On admission the complete blood count findings included: hemoglobin 9.7 g/dL, platelets 260 × 10^9^/L, leukocytes 1.5 × 10^9^/L with 0.2 × 10^9^/L neutrophils and elevated C-reactive protein (120 mg/L).
Peripheral blood examination showed hyposegmentation in neutrophils with Howell-Jolly body-like inclusions (Figure 1).Figure 1. Peripheral blood smear showing atypical inclusions (“Howell-Jollylike-bodies”) in granulocytes(Optical microscopy images using May-Grünwald Giemsa stain - x1000 magnification).Figure 1:
Blood cultures for bacteria and fungus did not support growth of any organism and serologic tests were negative. Additionally, lymph node aspiration cytology did not reveal tumoral cells however, a polymerase chain reaction-based assay to detect Mycobacterium tuberculosis in the ganglion was positive. With the diagnosis of ganglionic tuberculosis, the patient received treatment with isoniazid, pyrazinamide, myambutol and levofloxacin. After one year of treatment, the leukocyte count is normal and the adenopathies have disappeared in a full body scan.

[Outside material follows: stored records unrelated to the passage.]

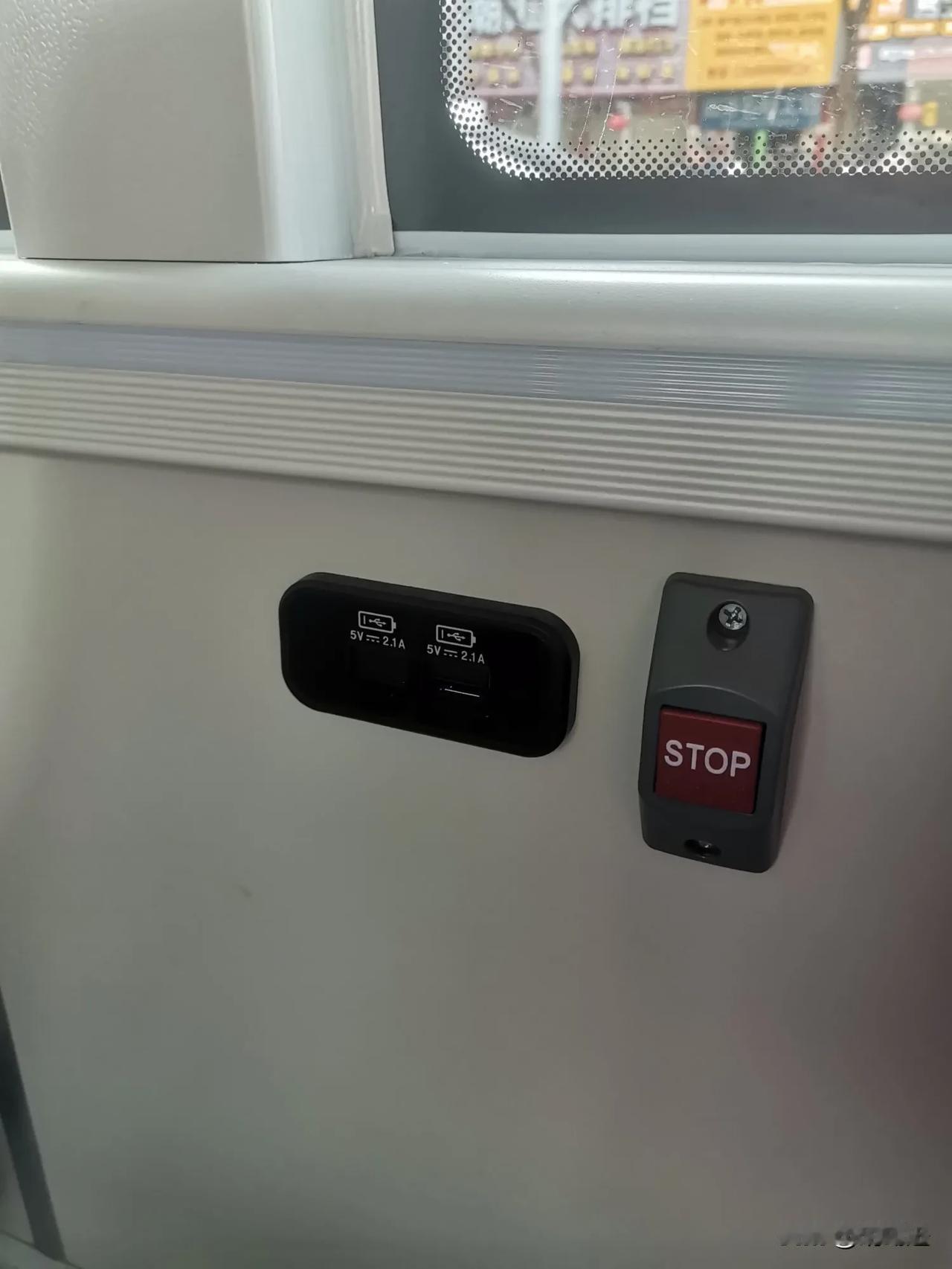 好久没坐公交了，现在的公交车上都有手机充电口，每个座位都有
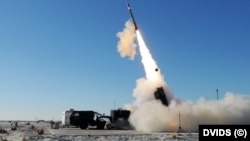 "Patriot" PAC-3 tutucu raketinin buraxılışı
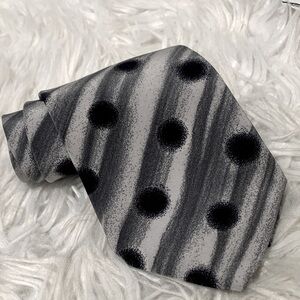 BOSS Hugo Boss Silk Gray and Black Patterned Tie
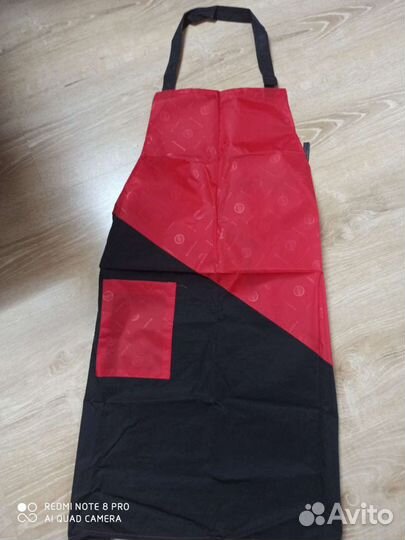 Фартук и пеньюар для парикмахера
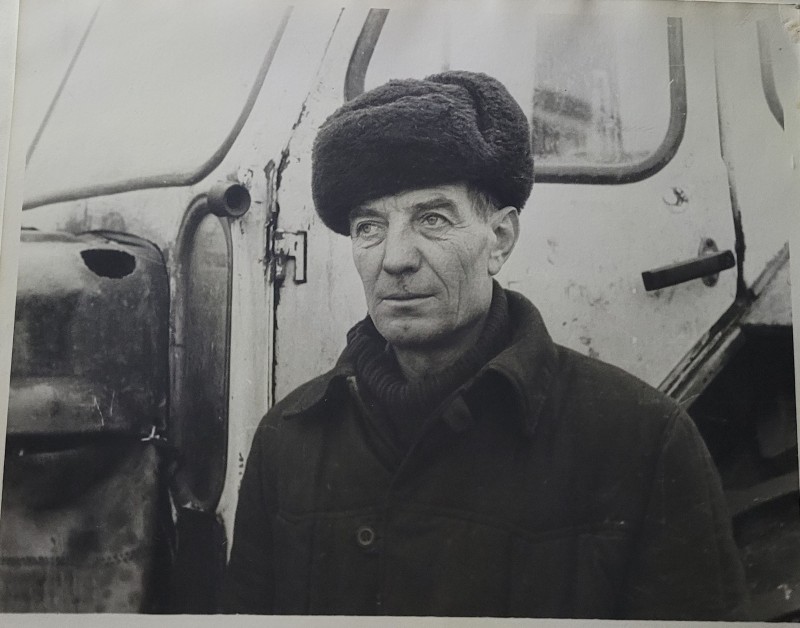 Кавалер ордена Леніна Моцевик Анатолій Іванович – начальник механізованого загону колгоспу ім. Горького.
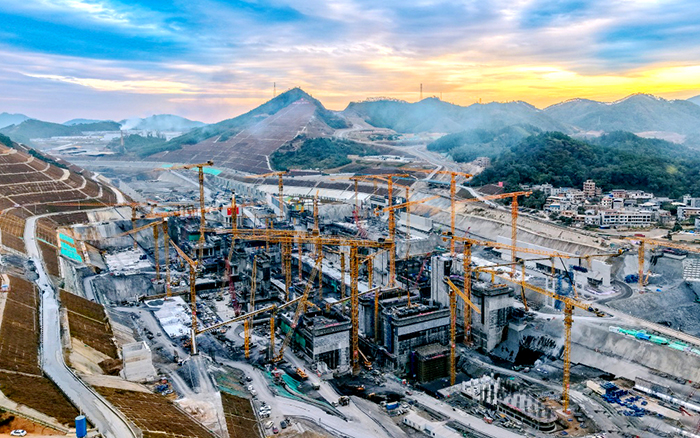 云顶集团群塔奋战平陆运河 “世纪工程”雄姿初现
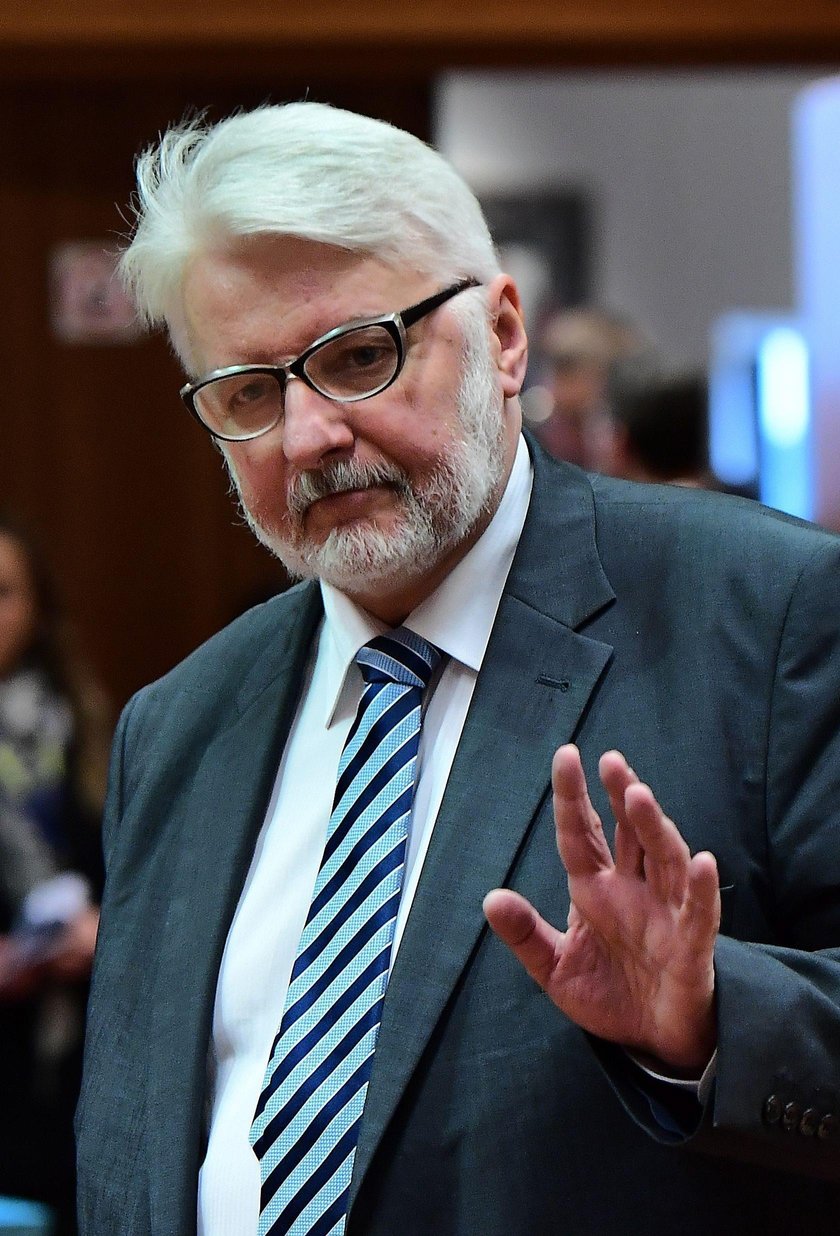 Waszczykowski przewietrzy swój resort? Zaskakujące tłumaczenie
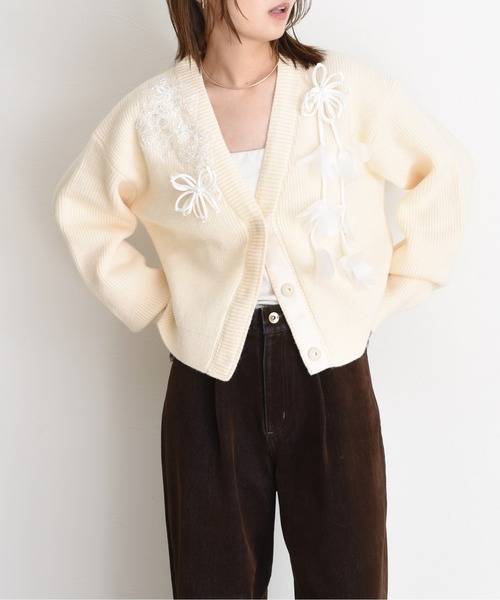 Eimee Law(エイミーロウ)の「ランダムモチーフニットカーデ(カーディガン/ボレロ・レディース・ピンク/チャコールグレー/アイボリー・FREE)」の2枚目の写真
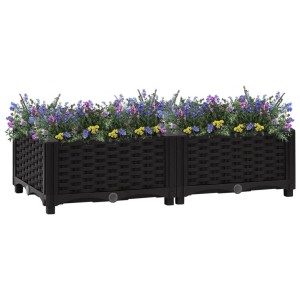 Schwarzes furnicato Hochbeet (80x40x23 cm) aus Polypropylen, bepflanzt mit bunten Blumen.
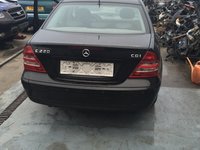 Dezmembrez mercedes clasa c w203 motor 2.2 cdi din 2004 cutie manuala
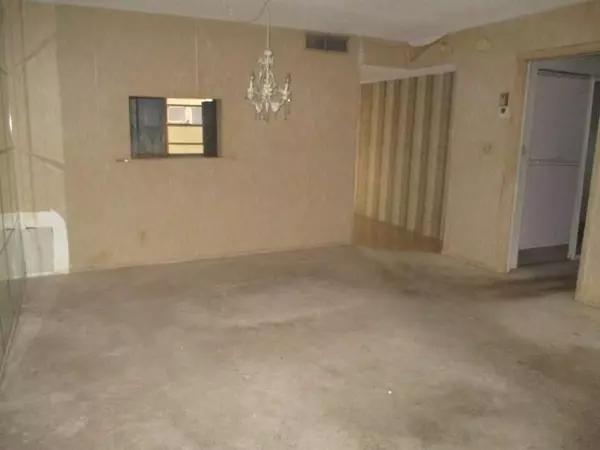 Lauderdale Lakes, FL 33319,3940 NW 42nd Ave #113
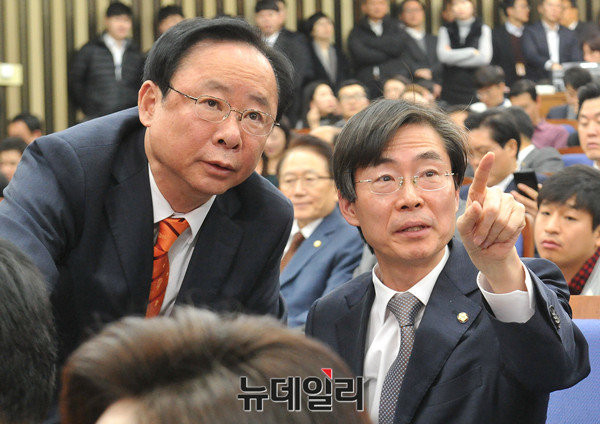 ▲ 새누리당의 중립·중도 성향 의원들을 대표하는 5선 중진 이주영 의원이 16일 원내대표 경선에 앞서 마지막으로 합의추대를 호소하는 내용의 의사진행발언을 하는 문제를 둘러싸고 조경태 선거관리위원장과 의견을 조율하고 있다. ⓒ뉴데일리 이종현 기자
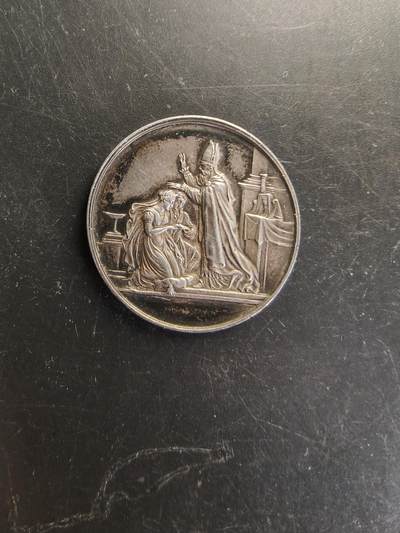 老王徽章第166期 - 法国银婚章    蜜蜂950银标    直径28mm.   重量10g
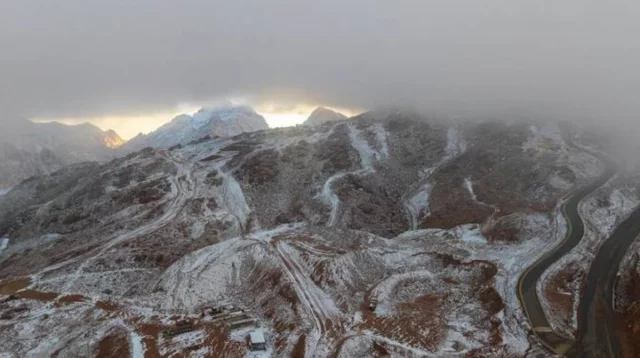 বিরল তুষারপাতের সাক্ষী হলো মরুভূমির দেশ সৌদি আরব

Howell-Jolly body-like inclusions in granulocytes are small dense basophilic inclusions similar to Howell-Jolly in erythrocytes. Their appearance in neutrophils may indicate a nuclear fragmentation induced by antiviral treatment with nucleoside analogs, which act on viral DNA. They arise secondary to stressed granulopoiesis often induced by immunosuppressive states including congenital conditions or acquired due to drugs for HIV infection or chemotherapy [1,2]. They are also been described in patients with Mycobacterium avium infection and more rarely in myelodysplastic syndromes [3]. These inclusions must be differentiated from other neutrophil inclusions such as those observed in intracellular bacterial infections, those found in genetic conditions such as Chédiak-Higashi syndrome, or Döhle bodies [1].
Conflicts of interest
The authors of this paper have no conflicts of interest, including specific financial interests, relationships, and/or affiliations relevant to the subject matter or materials included.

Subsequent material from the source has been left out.